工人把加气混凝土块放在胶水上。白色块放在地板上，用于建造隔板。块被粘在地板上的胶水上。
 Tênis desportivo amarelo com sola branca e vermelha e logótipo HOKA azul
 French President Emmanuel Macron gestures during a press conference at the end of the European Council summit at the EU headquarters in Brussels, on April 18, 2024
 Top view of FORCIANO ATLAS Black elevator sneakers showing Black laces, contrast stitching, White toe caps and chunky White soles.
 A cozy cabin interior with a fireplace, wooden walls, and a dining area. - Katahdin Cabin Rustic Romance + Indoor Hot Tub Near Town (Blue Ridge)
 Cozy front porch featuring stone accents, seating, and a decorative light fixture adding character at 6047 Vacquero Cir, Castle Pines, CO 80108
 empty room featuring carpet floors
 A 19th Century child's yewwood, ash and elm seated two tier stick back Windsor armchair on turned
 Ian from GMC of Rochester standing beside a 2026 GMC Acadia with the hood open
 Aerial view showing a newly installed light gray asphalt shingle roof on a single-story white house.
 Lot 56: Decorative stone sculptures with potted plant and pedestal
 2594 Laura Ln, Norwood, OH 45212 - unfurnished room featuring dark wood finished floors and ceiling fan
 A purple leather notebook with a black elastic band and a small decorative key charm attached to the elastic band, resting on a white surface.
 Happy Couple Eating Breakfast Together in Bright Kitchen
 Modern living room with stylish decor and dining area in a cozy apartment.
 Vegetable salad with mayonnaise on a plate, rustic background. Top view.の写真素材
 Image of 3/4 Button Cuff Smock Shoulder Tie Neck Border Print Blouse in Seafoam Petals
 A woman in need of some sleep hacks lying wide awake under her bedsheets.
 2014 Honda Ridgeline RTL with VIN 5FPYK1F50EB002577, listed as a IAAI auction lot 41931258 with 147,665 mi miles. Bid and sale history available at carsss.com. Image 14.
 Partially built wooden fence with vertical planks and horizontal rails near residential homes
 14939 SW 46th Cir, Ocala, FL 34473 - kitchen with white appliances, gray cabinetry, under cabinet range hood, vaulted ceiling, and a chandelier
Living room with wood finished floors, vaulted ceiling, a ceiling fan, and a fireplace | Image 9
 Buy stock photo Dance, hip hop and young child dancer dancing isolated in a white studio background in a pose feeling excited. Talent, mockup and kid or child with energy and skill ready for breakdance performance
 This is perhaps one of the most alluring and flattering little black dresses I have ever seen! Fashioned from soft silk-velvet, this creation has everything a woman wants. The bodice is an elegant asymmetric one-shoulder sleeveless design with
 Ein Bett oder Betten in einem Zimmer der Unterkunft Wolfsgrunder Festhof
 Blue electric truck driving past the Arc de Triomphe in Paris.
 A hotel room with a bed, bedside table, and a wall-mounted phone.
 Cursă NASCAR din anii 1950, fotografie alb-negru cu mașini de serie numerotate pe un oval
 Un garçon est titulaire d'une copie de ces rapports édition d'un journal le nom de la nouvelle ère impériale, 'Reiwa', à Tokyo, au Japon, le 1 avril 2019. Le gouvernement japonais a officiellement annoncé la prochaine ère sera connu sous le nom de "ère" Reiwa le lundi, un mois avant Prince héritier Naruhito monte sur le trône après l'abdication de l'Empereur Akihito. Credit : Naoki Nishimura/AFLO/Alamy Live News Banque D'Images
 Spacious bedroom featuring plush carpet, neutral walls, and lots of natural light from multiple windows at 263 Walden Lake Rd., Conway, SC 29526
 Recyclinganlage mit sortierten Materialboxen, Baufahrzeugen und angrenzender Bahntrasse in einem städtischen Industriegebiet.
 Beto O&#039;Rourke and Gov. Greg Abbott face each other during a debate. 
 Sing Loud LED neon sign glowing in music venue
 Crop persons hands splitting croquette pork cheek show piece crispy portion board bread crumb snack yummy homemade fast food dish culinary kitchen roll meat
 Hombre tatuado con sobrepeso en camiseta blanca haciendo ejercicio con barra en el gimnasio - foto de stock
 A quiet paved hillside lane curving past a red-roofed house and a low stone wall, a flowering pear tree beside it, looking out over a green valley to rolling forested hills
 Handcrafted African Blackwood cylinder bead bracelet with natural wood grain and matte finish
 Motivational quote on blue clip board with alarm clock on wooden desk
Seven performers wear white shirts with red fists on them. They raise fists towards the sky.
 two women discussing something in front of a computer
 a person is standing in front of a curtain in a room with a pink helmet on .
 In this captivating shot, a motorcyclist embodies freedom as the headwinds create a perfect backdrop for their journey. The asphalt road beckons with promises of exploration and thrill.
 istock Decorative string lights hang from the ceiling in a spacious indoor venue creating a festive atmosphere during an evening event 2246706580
━━━━━━━━━━
Return a word-for-word copy of the lines above from the one holding "Recyclinganlage mit sortierten" through the one holding "Crop persons hands", with both of them included and nothing besides.

 Recyclinganlage mit sortierten Materialboxen, Baufahrzeugen und angrenzender Bahntrasse in einem städtischen Industriegebiet.
 Beto O&#039;Rourke and Gov. Greg Abbott face each other during a debate. 
 Sing Loud LED neon sign glowing in music venue
 Crop persons hands splitting croquette pork cheek show piece crispy portion board bread crumb snack yummy homemade fast food dish culinary kitchen roll meat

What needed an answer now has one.